This arrangement is similar to the conventional double column
arrangement but the feed air is at an elevated pressure and thereby
the columns are operated at higher pressures. Since the upper
column is operated at higher pressure than in the conventional
double column arrangement, the product nitrogen is then available
at that increased pressure level. However, this process has the
disadvantage of requiring that all process fluids be handled in the
upper column thus resulting in an increased size for the upper
column. Another disadvantage is that the product nitrogen pressure
is limited to the pressure of the upper or lower pressure
column.
Still another known process for producing nitrogen at elevated
pressure is disclosed in U.S. Pat. No. 4,222,756--Thorogood. This
patent discloses the use of a double column having a reflux
condenser in the upper column. This process produces elevated
pressure nitrogen from the top of the upper column and develops
reflux for that upper column by expanding high pressure
oxygen-enriched liquid produced at the bottom of that upper column.
However, this process also has the disadvantage of requiring that
all process fluids be handled in the upper column thus resulting in
an increased size for the upper column. Furthermore, this process
is disdvantageous because the product nitrogen pressure is limited
to the pressure of the upper or lower pressure column.
Yet another process for the production of high pressure nitrogen
involves the draw of some product nitrogen from the top of the
bottom or higher pressure column. The nitrogen from this point is
commonly referred to as shelf vapor. This process is
disadvantageous because the shelf vapor which is withdrawn as
product is not available for use as reflux for the upper column.
This has an adverse impact on the upper column reflux ratio
resulting in reduced nitrogen recovery. Thus this process can be
used efficiently only to produce small amounts of high pressure
nitrogen.
Often it is desirable to have available oxygen, either at ambient
or elevated pressure, for use in a process proximate to that which
uses the elevated pressure nitrogen. For example, in one such
situation it may be desirable to supply lower purity oxygen for
combustion purposes to generate synthetic fuels and elevated
pressure nitrogen for enhanced oil or gas recovery. Another such
application could be in metal refineries and metal-working
operations such as aluminum refineries which can utilize elevated
pressure nitrogen for blanketing purposes and low purity oxygen for
combustion. Although there are known processes to produce nitrogen
and oxygen, it would be desirable to have a process which can
produce large quantities of elevated pressure nitrogen and also
produce some oxygen.
It is therefore an object of this invention to provide a double
column cryogenic air separation process which will produce nitrogen
at elevated pressure and at a high recovery.
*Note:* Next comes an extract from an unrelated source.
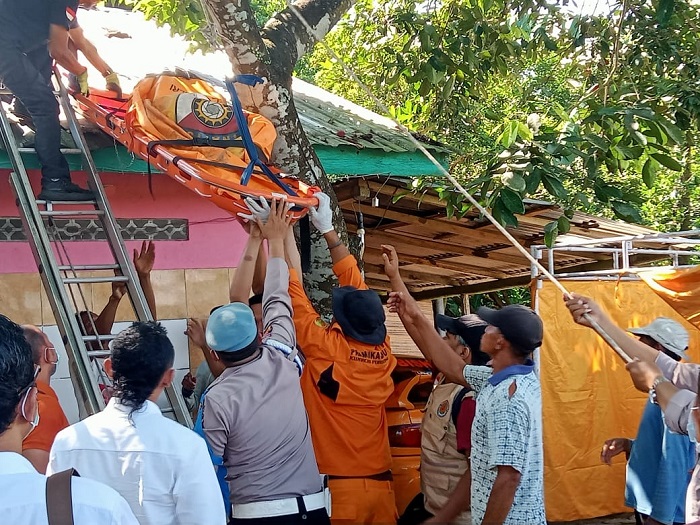 Proses evakuasi Lansia di Purbalingga yang meninggal di atap rumahnya. Foto: Ist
It is another object of this invention to provide a double column
cryogenic air separation process which will produce nitrogen at
elevated pressure and at high recovery while avoiding the need to
handle all the process streams in the upper column.
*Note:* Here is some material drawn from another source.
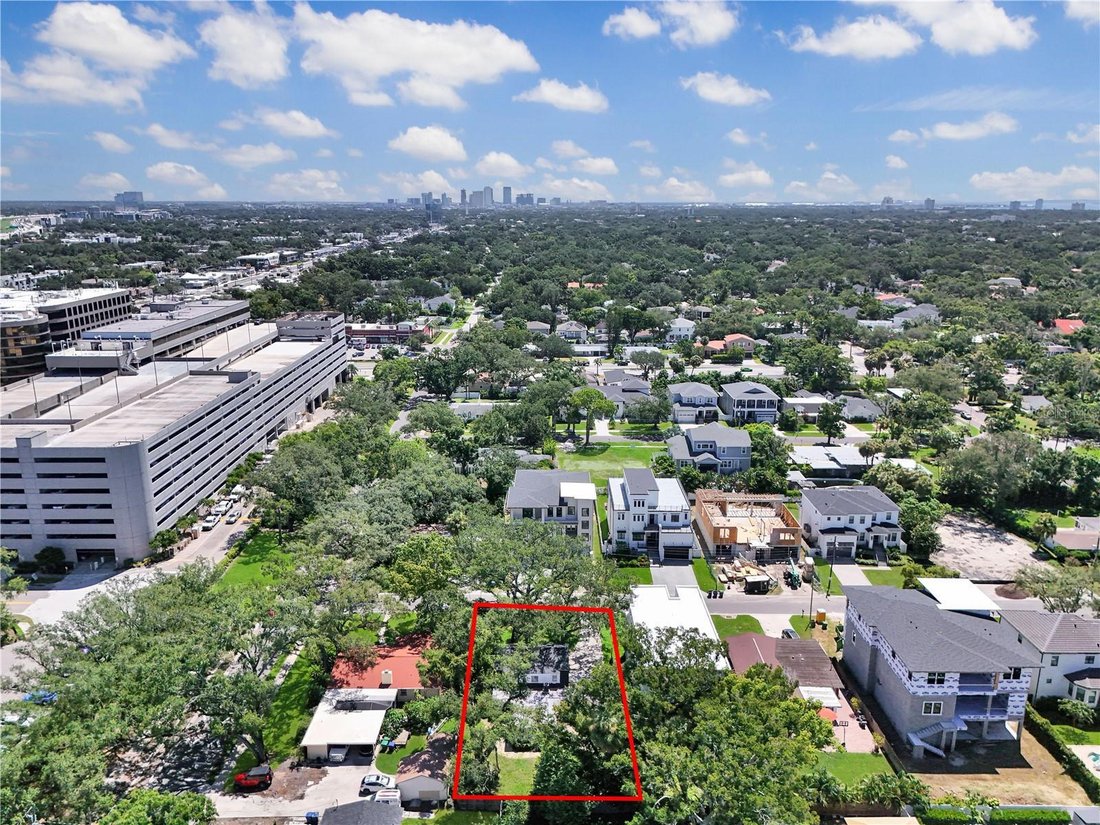 House in Tampa, Florida, United States 4 - 18697581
It is a further object of this invention to provide a double column
cryogenic air separation process which will produce nitrogen at
high recovery and at elevated pressure while not limiting the
pressure of the product nitrogen to that of the upper or lower
pressure column.
It is yet another object of this invention to provide a double
column cryogenic air separation process which will produce nitrogen
at elevated pressure and high recovery by withdrawing large amounts
of nitrogen from the higher pressure column shelf vapor as product
nitrogen while not adversely affecting upper column reflux ratios
or upper column separation efficiency.
It is a still further object of this invention to provide a process
to efficiently produce large quantities of elevated pressure
nitrogen while also producing some oxygen.
SUMMARY OF THE INVENTION
The above and other objects which will become obvious to one
skilled in the art upon a reading of this disclosure are attained
by a process for the production of nitrogen gas at greater than
atmospheric pressure by the separation of air by rectification
comprising:
(A) introducing cleaned, cooled feed air at greater than
atmospheric pressure into a high pressure column operating at a
pressue of from about 80 to 300 psia;
(B) separating said feed air by rectification in said high pressure
column into a first nitrogen-rich vapor fraction and a first
oxygen-enriched liquid fraction;
(C) recovering from about 20 to 60 percent of said first
nitrogen-rich vapor fraction as high pressure nitrogen gas;
(D) introducing said first oxygen-enriched liquid fraction into a
medium pressure column which is in heat exchange relation with said
high pressure column and is operating at a pressure lower than that
of said high pressure column of from about 40 to 150 psia and in
which feed introduced into said medium pressure column is separated
by rectification into a second nitrogen-rich vapor fraction and a
second oxygen-enriched liquid fraction;
(E) recovering from about 0 to 60 percent of said second
nitrogen-rich vapor fraction as medium pressure nitrogen gas;
(F) condensing a portion of said first nitrogen-rich vapor fraction
by indirect heat exchange with a portion of said second
oxygen-enriched liquid fraction thereby producing a first
nitrogen-rich liquid portion and a first oxygen-enriched vapor
portion;
(G) employing at least some of said first nitrogen-rich liquid
portion as liquid reflux for said high pressure column and said
first oxygen-enriched vapor portion as vapor reflux for said medium
pressure column;
(H) condensing at least a portion of said second nitrogen-rich
vapor fraction by indirect heat exchange with a portion of said
second oxygen-enriched liquid fraction thereby producing a second
nitrogen-rich liquid portion and a second oxygen-enriched vapor
portion;
(I) employing said second nitrogen-rich liquid portion as liquid
reflux for said medium pressure column;
(J) employing said first nitrogen-rich liquid portion as additional
liquid reflux for said medium pressure column in an amount
equivalent to that of from about 0 to 40 percent of said first
nitrogen-rich vapor fraction such that the sum of said amount and
of the high pressure nitrogen gas recovered in step (C) is from
about 20 to 60 percent of said first nitrogen-rich vapor fraction;
and
(K) removing from the process said second oxygen-enriched vapor
portion.
The term "indirect heat exchange", as used in the present
specification and claims, means the bringing of two fluid streams
into heat exchange relation without any physical contact or
intermixing of the fluids with each other.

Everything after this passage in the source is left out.